Grief is a normal and natural process, it is in fact an integral part of the loss of people who we loved and were important to us, when the feeling of sadness and emotional difficulty are the domain of most grief. At the same time, the question arises as to when grief ceases to be defined as natural or normative and becomes pathological – and, in such a case, requires the intervention of various professional therapeutic factors.

In order to treat pathological grief one must first learn to recognize it. The symptoms of pathological grief are reminiscent of the symptoms of clinical depression and include: pessimism, difficulty in daily functioning, sleep problems, lack of interest, loneliness, helplessness and, in extreme cases, suicidal thoughts. Suicidal thoughts may arise in the mourner's head (thinking they cannot continue their life without the same person they lost). Of course, many of these symptoms are also characteristic normative grief, but when they persist over time, this should serve as a warning sign and require diagnosis and treatment - in most cases, those close to the mourner are the ones who should pay attention to these symptoms and refer them for treatment.

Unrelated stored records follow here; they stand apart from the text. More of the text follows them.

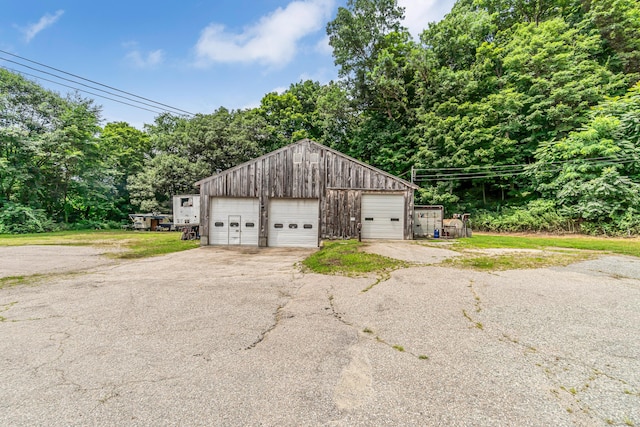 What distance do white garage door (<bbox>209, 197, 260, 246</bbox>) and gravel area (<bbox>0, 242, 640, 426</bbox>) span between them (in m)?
7.46

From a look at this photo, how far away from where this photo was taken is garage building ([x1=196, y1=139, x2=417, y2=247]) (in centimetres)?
1320

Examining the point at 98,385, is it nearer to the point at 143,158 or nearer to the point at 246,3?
the point at 246,3

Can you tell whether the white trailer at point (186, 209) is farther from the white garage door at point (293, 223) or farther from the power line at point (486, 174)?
the power line at point (486, 174)

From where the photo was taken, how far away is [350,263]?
8.02 m

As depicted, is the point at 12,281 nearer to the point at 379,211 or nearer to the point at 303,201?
the point at 303,201

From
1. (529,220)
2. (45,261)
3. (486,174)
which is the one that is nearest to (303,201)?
(45,261)

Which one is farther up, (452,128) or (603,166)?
(452,128)

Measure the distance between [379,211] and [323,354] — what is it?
10.9m

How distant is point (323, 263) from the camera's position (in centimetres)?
820

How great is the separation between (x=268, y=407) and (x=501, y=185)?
2360cm

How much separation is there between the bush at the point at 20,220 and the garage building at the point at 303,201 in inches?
646

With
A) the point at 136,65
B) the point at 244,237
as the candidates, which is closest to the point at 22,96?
the point at 136,65

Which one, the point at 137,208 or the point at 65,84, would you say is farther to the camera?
the point at 137,208

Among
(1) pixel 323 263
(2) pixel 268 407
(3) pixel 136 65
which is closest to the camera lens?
(2) pixel 268 407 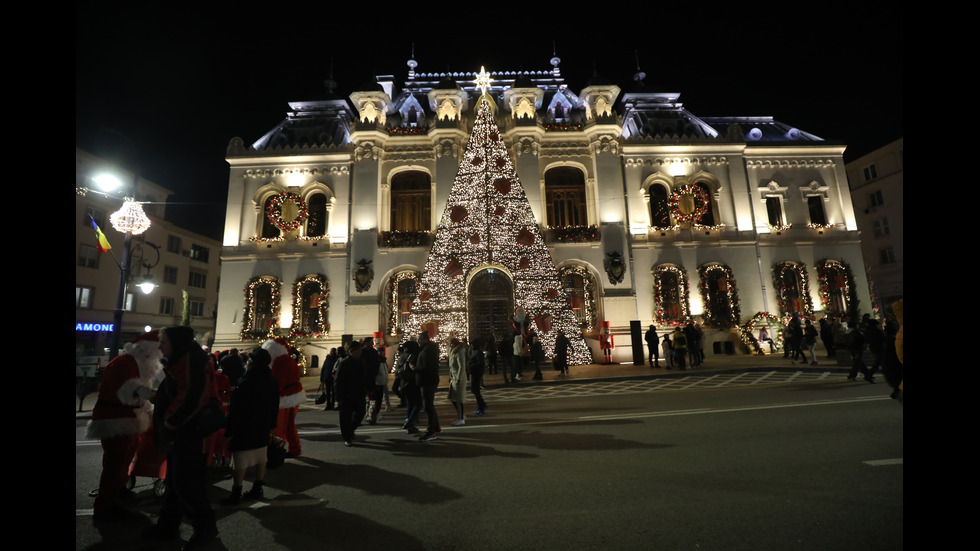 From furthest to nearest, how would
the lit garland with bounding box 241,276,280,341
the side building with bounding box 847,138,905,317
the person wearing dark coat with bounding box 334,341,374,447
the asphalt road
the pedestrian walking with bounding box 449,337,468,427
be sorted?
the side building with bounding box 847,138,905,317, the lit garland with bounding box 241,276,280,341, the pedestrian walking with bounding box 449,337,468,427, the person wearing dark coat with bounding box 334,341,374,447, the asphalt road

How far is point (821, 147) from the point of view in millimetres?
24219

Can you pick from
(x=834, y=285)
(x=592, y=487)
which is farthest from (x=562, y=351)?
(x=834, y=285)

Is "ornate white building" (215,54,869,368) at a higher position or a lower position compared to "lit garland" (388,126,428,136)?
lower

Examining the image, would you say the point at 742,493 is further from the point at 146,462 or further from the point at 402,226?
the point at 402,226

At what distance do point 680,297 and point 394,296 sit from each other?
14339mm

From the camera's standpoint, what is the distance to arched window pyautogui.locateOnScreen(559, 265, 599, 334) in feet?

One of the treatment techniques that can help a person in pathological grief is CBT. CBT is a cognitive-behavioral therapy, which is designed to help the patient create meaning in life even without the presence of the person who has died. The goal of therapy is to replace the difficult thoughts with new, constructive, and comforting thoughts.

Of course, the treatment is individually tailored to the patient, emphasizing the type of loss, the type and severity of symptoms he experiences and other parameters that affect the coping process - when the goal is always the same goal - to allow them to embark on a new path that is more optimistic.